Personal career development planning
The opportunity to chart out a personal career path and plan for the acquisition of leadership skills is one of the greatest benefits of a career in industry. Many companies have well-defined mechanisms in place to ensure that employees have an opportunity to discuss and develop plans for career advancement, although pathways for promotion are not always clearly defined or transparent. Any physician joining industry should discuss both career development planning, as well as potential future avenues for promotion, with Human Resources at the time of interview and/or hire, with subsequent dialogue with their managers as appropriate once on the job. Performance reviews will often include a component dedicated to career development.

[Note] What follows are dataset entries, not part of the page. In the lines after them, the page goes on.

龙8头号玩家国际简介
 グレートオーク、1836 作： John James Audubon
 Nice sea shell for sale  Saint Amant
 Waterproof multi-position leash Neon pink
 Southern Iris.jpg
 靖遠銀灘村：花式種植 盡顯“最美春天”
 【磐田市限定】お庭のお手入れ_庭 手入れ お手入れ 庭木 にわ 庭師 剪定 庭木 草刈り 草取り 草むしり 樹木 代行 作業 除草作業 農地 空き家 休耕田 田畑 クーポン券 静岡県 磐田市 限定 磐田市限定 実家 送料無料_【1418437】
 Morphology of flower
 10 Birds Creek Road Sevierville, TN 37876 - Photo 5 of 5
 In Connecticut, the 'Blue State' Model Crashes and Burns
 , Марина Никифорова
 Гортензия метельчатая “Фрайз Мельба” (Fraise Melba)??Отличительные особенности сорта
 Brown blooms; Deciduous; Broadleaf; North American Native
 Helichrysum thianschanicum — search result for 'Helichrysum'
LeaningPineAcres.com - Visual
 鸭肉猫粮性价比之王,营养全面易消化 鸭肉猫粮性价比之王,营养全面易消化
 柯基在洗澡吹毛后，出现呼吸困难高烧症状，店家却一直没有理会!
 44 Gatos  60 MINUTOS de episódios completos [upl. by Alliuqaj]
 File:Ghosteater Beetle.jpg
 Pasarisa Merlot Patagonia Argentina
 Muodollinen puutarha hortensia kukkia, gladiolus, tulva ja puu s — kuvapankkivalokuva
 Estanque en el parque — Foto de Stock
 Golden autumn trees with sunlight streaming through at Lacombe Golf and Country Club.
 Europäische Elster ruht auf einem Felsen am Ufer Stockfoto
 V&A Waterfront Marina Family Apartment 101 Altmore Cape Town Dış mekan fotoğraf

Physicians making the transition into the pharmaceutical industry often do so without sufficient prior knowledge or understanding of the workings of the corporate environment, and may thus be ill-prepared to handle the many challenges they may face. That said, mechanisms do exist to facilitate and accommodate the needs of the physician, but these often require that the he or she be proactive in paving the pathway to a successful and fulfilling career.